Entrano nel mondo del lavoro troppo presto e dalla porta sbagliata. Rischiando di infilarsi in un tunnel di sfruttamento e di povertà, che può portare anche al crimine. È la piaga del lavoro minorile, fenomeno che nel mondo riguarda 160 milioni di adolescenti (secondo ILO e Unicef), e che non risparmia nemmeno l’Italia, dov’è diffuso ma sommerso. Si stima che nel nostro Paese siano 336mila i minorenni tra i 7 e i 15 anni con esperienze di lavoro continuative, saltuarie o occasionali. Il 6,8% della popolazione di quell’età, quasi 1 minore su 15, quando in Italia la legge stabilisce la possibilità per gli adolescenti di iniziare a lavorare non prima dei 16 anni, assolti gli obblighi scolastici. Sono solo alcuni tra i dati raccolti da “Non è un gioco”, la nuova indagine di Save the Children sul lavoro minorile nel nostro Paese, presentata a Roma alla presenza della ministra del Lavoro e delle politiche sociali Marina Elvira Calderone. Secondo il dossier, quasi un 14-15enne su cinque svolge o ha svolto un’attività lavorativa prima dell’età legale consentita. Tra i 14-15enni che dichiarano di aver lavorato, oltre un quarto (27,8%) ha svolto attività particolarmente dannose per i percorsi educativi e per il benessere psicofisico, perché durante il periodo scolastico, in orari notturni o perché percepiti come pericolosi. Dalle stime effettuate si tratta di circa 58mila adolescenti. I settori del lavoro minorile sono la ristorazione (25,9%), la vendita al dettaglio (16,2%), le attività in campagna (9,1%), in cantiere (7,8%), la cura con continuità di fratelli, sorelle o parenti (7,3%). Ma anche nuove forme di lavoro online (5,7%): la realizzazione di contenuti per social o videogiochi, la rivendita di scarpe sportive o cellulari.

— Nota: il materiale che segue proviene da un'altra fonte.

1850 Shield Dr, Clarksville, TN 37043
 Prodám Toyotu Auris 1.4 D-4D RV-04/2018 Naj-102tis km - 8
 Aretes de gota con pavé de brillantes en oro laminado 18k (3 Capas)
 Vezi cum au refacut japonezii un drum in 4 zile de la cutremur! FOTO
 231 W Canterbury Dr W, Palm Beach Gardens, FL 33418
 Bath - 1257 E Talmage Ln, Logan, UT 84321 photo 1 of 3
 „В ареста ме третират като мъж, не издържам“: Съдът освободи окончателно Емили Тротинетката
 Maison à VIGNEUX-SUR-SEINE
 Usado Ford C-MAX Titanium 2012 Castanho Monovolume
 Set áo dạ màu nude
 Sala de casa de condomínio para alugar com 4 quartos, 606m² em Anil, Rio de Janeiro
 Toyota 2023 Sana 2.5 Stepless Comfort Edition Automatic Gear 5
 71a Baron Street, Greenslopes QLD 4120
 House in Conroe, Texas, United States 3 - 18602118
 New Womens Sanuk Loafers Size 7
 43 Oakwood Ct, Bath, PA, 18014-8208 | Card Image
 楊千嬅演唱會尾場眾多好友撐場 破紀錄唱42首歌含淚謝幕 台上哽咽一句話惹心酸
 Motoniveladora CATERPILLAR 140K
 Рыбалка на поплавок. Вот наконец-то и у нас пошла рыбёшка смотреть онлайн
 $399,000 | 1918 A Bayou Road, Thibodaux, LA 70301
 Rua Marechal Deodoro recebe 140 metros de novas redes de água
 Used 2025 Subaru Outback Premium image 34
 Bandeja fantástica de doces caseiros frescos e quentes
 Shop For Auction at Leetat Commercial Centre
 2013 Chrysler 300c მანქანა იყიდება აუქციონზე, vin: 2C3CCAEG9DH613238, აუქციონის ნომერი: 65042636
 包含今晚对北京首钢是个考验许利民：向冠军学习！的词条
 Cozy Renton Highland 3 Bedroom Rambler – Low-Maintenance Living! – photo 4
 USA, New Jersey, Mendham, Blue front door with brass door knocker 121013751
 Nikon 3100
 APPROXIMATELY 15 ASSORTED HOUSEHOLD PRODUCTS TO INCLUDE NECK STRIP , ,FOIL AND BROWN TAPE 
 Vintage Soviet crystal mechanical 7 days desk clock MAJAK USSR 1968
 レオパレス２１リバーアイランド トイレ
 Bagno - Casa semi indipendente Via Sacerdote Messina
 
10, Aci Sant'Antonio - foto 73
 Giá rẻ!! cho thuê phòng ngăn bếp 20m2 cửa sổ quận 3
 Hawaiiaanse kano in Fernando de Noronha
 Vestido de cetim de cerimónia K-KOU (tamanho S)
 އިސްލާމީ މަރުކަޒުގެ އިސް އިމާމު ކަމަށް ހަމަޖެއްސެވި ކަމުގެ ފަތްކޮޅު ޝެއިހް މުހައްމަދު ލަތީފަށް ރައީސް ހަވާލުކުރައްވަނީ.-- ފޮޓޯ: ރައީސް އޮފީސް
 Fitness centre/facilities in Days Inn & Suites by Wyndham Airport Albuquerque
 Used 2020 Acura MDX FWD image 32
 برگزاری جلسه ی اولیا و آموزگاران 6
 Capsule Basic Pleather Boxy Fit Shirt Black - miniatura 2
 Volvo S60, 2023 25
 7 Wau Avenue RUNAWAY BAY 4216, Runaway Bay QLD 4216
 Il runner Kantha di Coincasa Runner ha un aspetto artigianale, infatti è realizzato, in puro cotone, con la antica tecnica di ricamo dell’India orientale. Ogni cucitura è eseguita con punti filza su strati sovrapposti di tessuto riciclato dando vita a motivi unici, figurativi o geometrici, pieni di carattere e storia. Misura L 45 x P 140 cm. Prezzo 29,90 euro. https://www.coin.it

Più della metà dei giovanissimi lavoratori afferma di lavorare tutti i giorni o qualche volta a settimana, la metà più di 4 ore al giorno. L’indagine, a dieci anni di distanza dalle analoghe ricerche in Italia di Save the Children, vuole definire i contorni del fenomeno e le connessioni con la dispersione scolastica. E sopperire, almeno parzialmente, alla mancanza di una rilevazione sistemica in Italia. I dati verranno messi a disposizione sul nuovo portale di Save the Children, nato con l’intento di monitorare le disuguaglianze, mappare i territori a rischio, orientare le politiche e l’azione sociale.